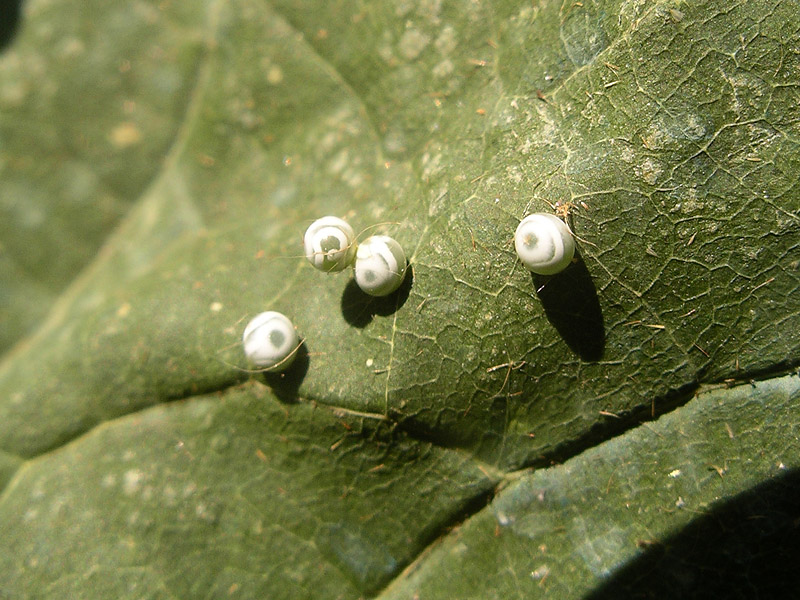 Gastropacha quercifolia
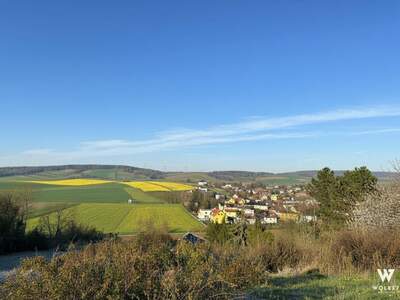 Anlageobjekt kaufen in 2111 Obergänserndorf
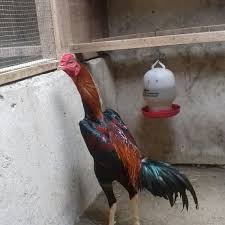 Jual Ayam Trah Shamo Import Tapos Djolali Cemani Tokopedia
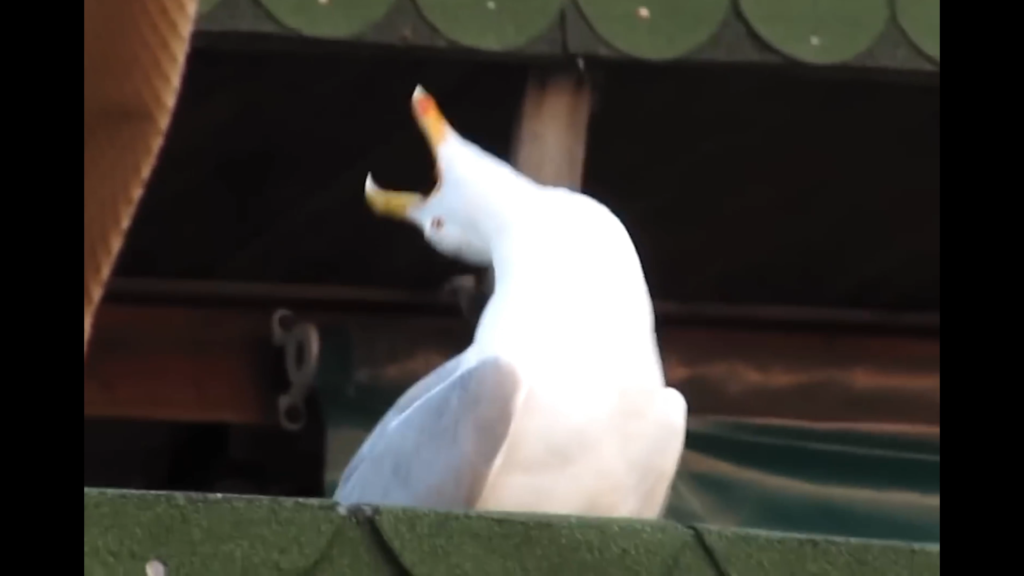 Comedy meme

..........

**Problem to solve:**
Please return only the lines from the one holding "Anlageobjekt kaufen in 2111 Obergänserndorf" through the end of the data, both ends included; do not copy any pictures.

**Task response:**
 Anlageobjekt kaufen in 2111 Obergänserndorf
 Jual Ayam Trah Shamo Import Tapos Djolali Cemani Tokopedia
 Comedy meme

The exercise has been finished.